Pasti pihak yang merasa senang dan memuji, ada juga pihak yang merasa dirugikan. Setiap kebijakan yang diambil pastinya tidak akan bisa membahagiakan semua orang. Pun begitu keputusan Mas Ipin yang meninggalkan apel. Kita semua bisa menilai secara berbeda tergantung dari sudut mana kita melihatnya.

Saya meyakini dalam kondisi ini, hukum newton dua berlaku “ada aksi pasti ada reaksi”. Dalam kasus ini pasti terjadi hubungan sebab akibat. Baik itu yang menyebabkan Mas Ipin mengambil tindakan ataupun reaksi atas tindakan yang dilakukan. Pertanyaannya sekarang adalah bagaimana caranya supaya tidak saling menegasikan.

Menurut pandangan pribadi, kondisi ini adalah momentum untuk saling terbuka dan berefleksi. Seringkali kita terjebak pada anggapan orang akan memahami tindakan kita tanpa mengucapkannya. Seorang bawahan sering menuntut atasan untuk memahami kondisinya agar tidak terlalu memberikan beban pada dirinya, tapi tidak enggan menyampaikan masalahnya karena takut dianggap tidak mampu. Di sisi lain, atasan memberikan sanksi tanpa menjelaskan secara verbal apa kesalahan anak buahnya. Kondisi ini akan memicu kurangnya rasa percaya satu sama lain.

Menurut saya, kejadian ini adalah momentum yang sangat bagus untuk saling terbuka. Untuk saling memahami satu sama lain. Untuk sama-sama menilai diri masing-masing. Kedewasaan berpikir dan bersikap sangat dibutuhkan dalam meresolusi kondisi ini. Bukan dalam kerangka untuk mencari kesalahan satu sama lain, tapi untuk menemukan “alat ukur” yang sama dari berbagai sudut pandang.

Seringkali konflik terjadi karena kesalahan penggunaan “alat ukur”. Sebagai contoh kita sering membandingkan orang dengan “alat ukur” baik dan buruk. Padahal baik dan buruk itu jelas berbeda. Jika kita ingin membandingkan orang atau apa pun itu, kita harus berangkat dari indikator yang sama sebagai alat ukur. Kalau mau membandingkan kebaikan ya bandingkan juga dengan kebaikan.

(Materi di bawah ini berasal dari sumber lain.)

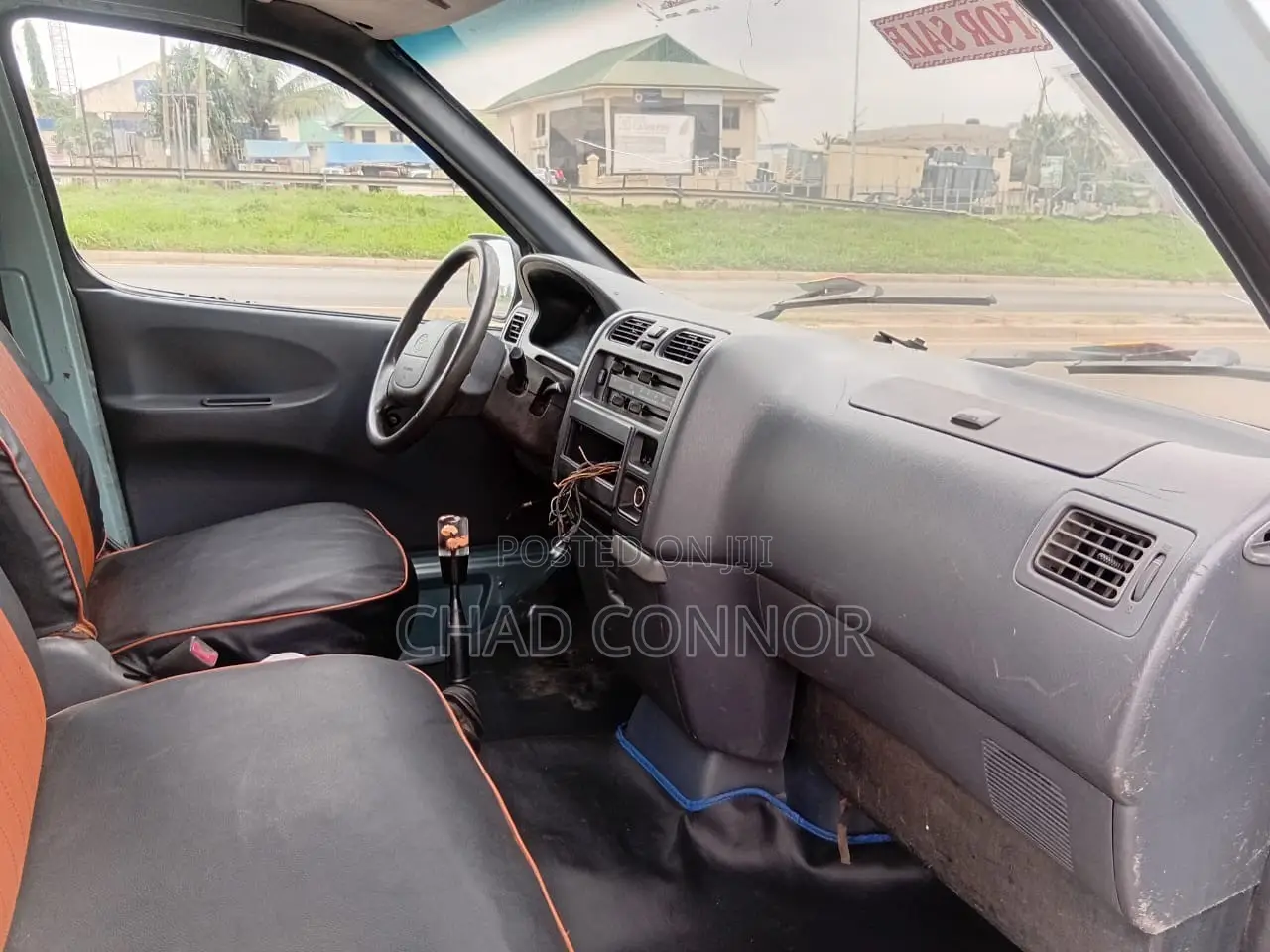 Toyota HiAce 2010 Green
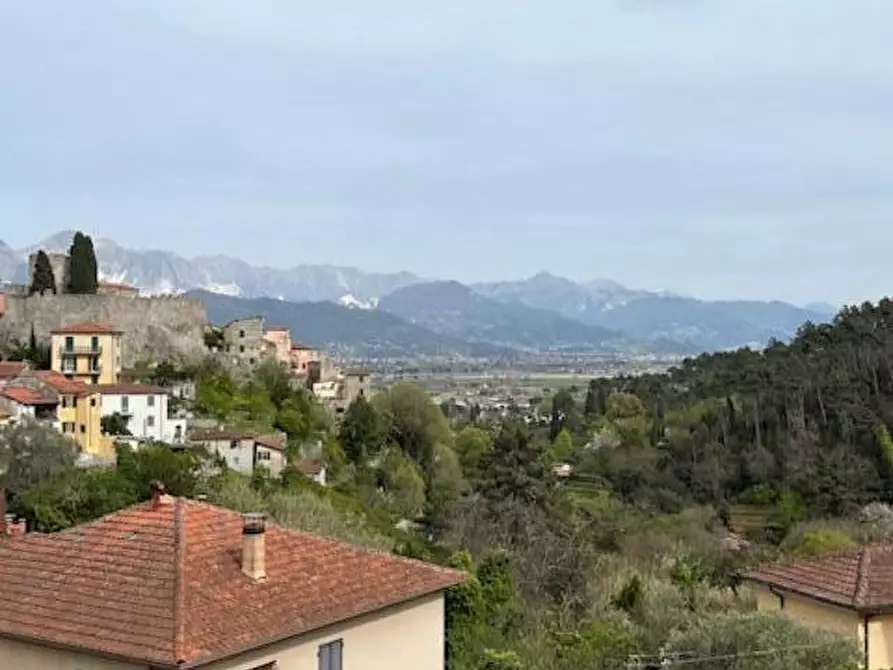 Immagine 1 di Casa bifamiliare in vendita  a Ameglia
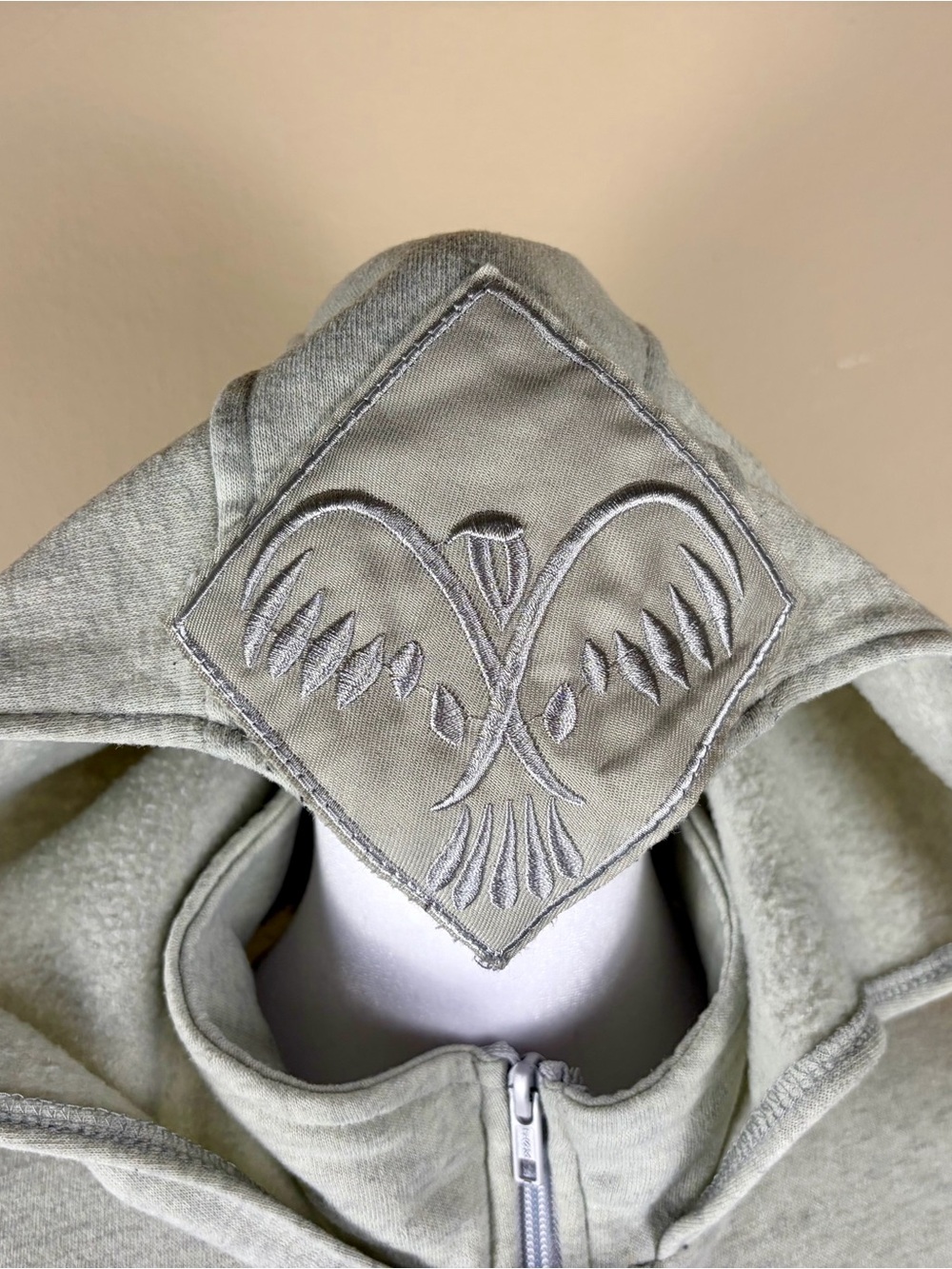 Assassin’s Creed unisex grey cosplay hoodie with embroidered details Teen 8-10 - Picture 2 of 9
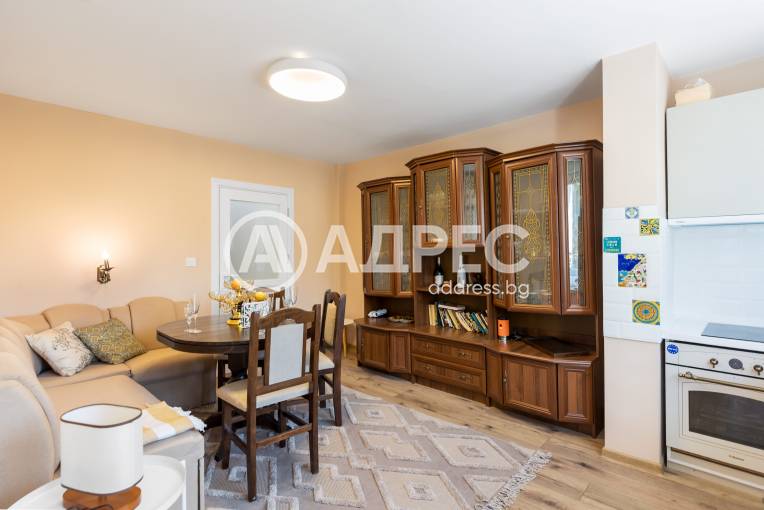Тристаен апартамент, Плевен, Градска част, 696437, Снимка 8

Kembali ke kasus Mas Ipin meninggalkan apel. Pasti akan memunculkan berbagai macam dugaan. Maka menurut saya sangat penting untuk mencari “alat ukur” yang sama. Alat ukur ini sangat dibutuhkan untuk melakukan evaluasi. Sehingga tidak ada lagi pihak yang merasa tidak dihormati, tidak dihargai, tidak di-wongke dan merasa tidak diakui. Alat ukur ini bisa menjadi pijakan bagi semua pihak untuk menentukan peran sesuai dengan tugas dan fungsinya.

Semoga ke depan Trenggalek semakin lebih baik.